Avant d’aller plus loin, quelques précisions s’imposent.

Le terme « annulé » réfère à une multitude de cas très différents : un intellectuel cité hors contexte ou tenu à l’écart à cause de propos impopulaires, un artiste dont l’œuvre fictive est interprétée comme s’il s’agissait d’un essai, un polémiste qui récolte simplement la colère semée ou une personne accusée ou coupable de crime sexuel ou de propos haineux.

Le type d’annulation varie également : perte de contrat publicitaire, ostracisme social, congédiement ou même prison.

Durant notre entretien, nous ne parlerons pas des cas de nature criminelle comme les agressions sexuelles. Heath s’intéresse surtout au débat d’idées.

Le jugement doit se faire au cas par cas. Je me permets de donner un exemple : une vedette prend l’initiative de se filmer en proférant gratuitement des propos racistes, puis perd un contrat, car l’entreprise en question se dit que parmi les milliards d’êtres humains, elle en trouvera un qui ferait un meilleur ambassadeur de sa marque. Si c’est une « annulation », elle n’est pas scandaleuse. Tout le monde n’est pas Socrate…

Ne lisez donc pas ce qui suit en utilisant un cas particulier où « l’annulation » vous semblait justifiée pour ensuite discréditer le propos de M. Heath.

Cette chronique vise à prendre quelques pas de recul pour comprendre plutôt l’évolution du phénomène.

Au lieu de la « justice sociale », Heath propose de l’analyser avec un cadre plus large : la théorie des conflits.

Selon lui, les valeurs des gens n’ont pas radicalement changé. La nouveauté, ce sont les outils.

Lors d’un conflit, la tendance naturelle est de chercher des alliés. De là vient l’expression read the room. Elle dit : ouvrez les yeux, personne dans cette pièce ne vous appuie…
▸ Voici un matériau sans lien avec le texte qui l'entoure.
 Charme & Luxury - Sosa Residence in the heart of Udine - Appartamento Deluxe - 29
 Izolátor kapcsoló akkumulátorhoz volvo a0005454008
Or, les réseaux sociaux permettent aujourd’hui de recruter et de mobiliser énormément de gens. Un bon exemple : l’affaire Lieutenant-Duval à l’Université d’Ottawa, où la fronde était menée entre autres par des gens qui n’avaient pas assisté au cours où le « mot qui commence par N » a été prononcé.

Le deuxième aspect est la rapidité avec laquelle les gens peuvent désormais intervenir.

Il devient difficile de prendre connaissance du contexte ou d’obtenir le point de vue adverse. Le droit à la défense se perd. Le groupe le plus nombreux, ou le plus motivé, impose sa version.

Heath fait un détour par la psychologie de l’évolution. Dans l’histoire de notre espèce, l’intervention de tiers permet de faire respecter des normes sociales pour pacifier un groupe. « Prenons une file d’attente. Si on vous dépasse, vous espérez que quelqu’un intervienne pour signaler que ce comportement est inacceptable », explique-t-il.

Mais avec les nouvelles technologies, le contraire survient. Il y a escalade. Certains en font un exercice « performatif » pour exhiber leur vertu. D’autres jouissent de l’effet grisant de se joindre à un groupe qui défait un ennemi puissant, avec l’impunité de celui qui se cache dans la foule.

En bon philosophe, Heath aime examiner les arguments à la loupe, souligner les angles morts d’un débat et s’assurer que la perspective « contraire » a été pleinement considérée. Mais il ne cherche pas l’attention et il ne raffole pas de la controverse.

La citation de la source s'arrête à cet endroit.